__Required work__: I would like you to return all of the records exactly as they stand.

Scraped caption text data
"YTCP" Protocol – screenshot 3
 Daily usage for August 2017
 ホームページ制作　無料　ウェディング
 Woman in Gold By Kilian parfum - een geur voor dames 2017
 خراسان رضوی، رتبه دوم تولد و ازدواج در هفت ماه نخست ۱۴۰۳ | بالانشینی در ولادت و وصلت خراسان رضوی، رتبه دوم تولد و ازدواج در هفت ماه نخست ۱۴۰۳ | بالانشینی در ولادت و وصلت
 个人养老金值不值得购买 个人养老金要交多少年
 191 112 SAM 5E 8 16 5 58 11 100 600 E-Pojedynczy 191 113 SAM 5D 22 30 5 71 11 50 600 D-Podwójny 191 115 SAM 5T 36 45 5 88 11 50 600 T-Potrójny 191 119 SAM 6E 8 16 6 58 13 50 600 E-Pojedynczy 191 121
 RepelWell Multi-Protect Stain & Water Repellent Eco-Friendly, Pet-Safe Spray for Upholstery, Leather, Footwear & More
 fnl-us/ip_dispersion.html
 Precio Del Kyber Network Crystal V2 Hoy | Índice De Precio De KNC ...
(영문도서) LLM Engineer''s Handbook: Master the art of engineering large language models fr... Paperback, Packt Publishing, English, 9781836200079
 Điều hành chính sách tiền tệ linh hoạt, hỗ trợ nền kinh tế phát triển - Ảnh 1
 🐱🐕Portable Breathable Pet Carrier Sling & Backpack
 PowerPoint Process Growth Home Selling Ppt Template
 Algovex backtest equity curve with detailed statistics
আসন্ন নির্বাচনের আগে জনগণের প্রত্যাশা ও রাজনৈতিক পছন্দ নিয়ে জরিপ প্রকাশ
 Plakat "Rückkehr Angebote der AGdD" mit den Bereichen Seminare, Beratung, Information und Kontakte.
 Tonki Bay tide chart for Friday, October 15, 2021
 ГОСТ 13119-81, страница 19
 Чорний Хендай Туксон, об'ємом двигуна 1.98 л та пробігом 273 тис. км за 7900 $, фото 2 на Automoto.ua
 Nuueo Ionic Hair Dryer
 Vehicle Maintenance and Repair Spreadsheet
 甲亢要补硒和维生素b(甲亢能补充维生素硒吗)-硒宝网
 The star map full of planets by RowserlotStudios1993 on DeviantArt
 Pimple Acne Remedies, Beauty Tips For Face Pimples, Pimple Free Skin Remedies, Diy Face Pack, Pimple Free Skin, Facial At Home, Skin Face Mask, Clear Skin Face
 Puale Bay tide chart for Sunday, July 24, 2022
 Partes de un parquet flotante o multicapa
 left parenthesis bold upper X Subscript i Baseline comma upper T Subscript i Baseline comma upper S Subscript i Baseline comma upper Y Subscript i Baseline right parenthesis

__Solved exercise__:
"YTCP" Protocol – screenshot 3
 Daily usage for August 2017
 ホームページ制作　無料　ウェディング
 Woman in Gold By Kilian parfum - een geur voor dames 2017
 خراسان رضوی، رتبه دوم تولد و ازدواج در هفت ماه نخست ۱۴۰۳ | بالانشینی در ولادت و وصلت خراسان رضوی، رتبه دوم تولد و ازدواج در هفت ماه نخست ۱۴۰۳ | بالانشینی در ولادت و وصلت
 个人养老金值不值得购买 个人养老金要交多少年
 191 112 SAM 5E 8 16 5 58 11 100 600 E-Pojedynczy 191 113 SAM 5D 22 30 5 71 11 50 600 D-Podwójny 191 115 SAM 5T 36 45 5 88 11 50 600 T-Potrójny 191 119 SAM 6E 8 16 6 58 13 50 600 E-Pojedynczy 191 121
 RepelWell Multi-Protect Stain & Water Repellent Eco-Friendly, Pet-Safe Spray for Upholstery, Leather, Footwear & More
 fnl-us/ip_dispersion.html
 Precio Del Kyber Network Crystal V2 Hoy | Índice De Precio De KNC ...
(영문도서) LLM Engineer''s Handbook: Master the art of engineering large language models fr... Paperback, Packt Publishing, English, 9781836200079
 Điều hành chính sách tiền tệ linh hoạt, hỗ trợ nền kinh tế phát triển - Ảnh 1
 🐱🐕Portable Breathable Pet Carrier Sling & Backpack
 PowerPoint Process Growth Home Selling Ppt Template
 Algovex backtest equity curve with detailed statistics
আসন্ন নির্বাচনের আগে জনগণের প্রত্যাশা ও রাজনৈতিক পছন্দ নিয়ে জরিপ প্রকাশ
 Plakat "Rückkehr Angebote der AGdD" mit den Bereichen Seminare, Beratung, Information und Kontakte.
 Tonki Bay tide chart for Friday, October 15, 2021
 ГОСТ 13119-81, страница 19
 Чорний Хендай Туксон, об'ємом двигуна 1.98 л та пробігом 273 тис. км за 7900 $, фото 2 на Automoto.ua
 Nuueo Ionic Hair Dryer
 Vehicle Maintenance and Repair Spreadsheet
 甲亢要补硒和维生素b(甲亢能补充维生素硒吗)-硒宝网
 The star map full of planets by RowserlotStudios1993 on DeviantArt
 Pimple Acne Remedies, Beauty Tips For Face Pimples, Pimple Free Skin Remedies, Diy Face Pack, Pimple Free Skin, Facial At Home, Skin Face Mask, Clear Skin Face
 Puale Bay tide chart for Sunday, July 24, 2022
 Partes de un parquet flotante o multicapa
 left parenthesis bold upper X Subscript i Baseline comma upper T Subscript i Baseline comma upper S Subscript i Baseline comma upper Y Subscript i Baseline right parenthesis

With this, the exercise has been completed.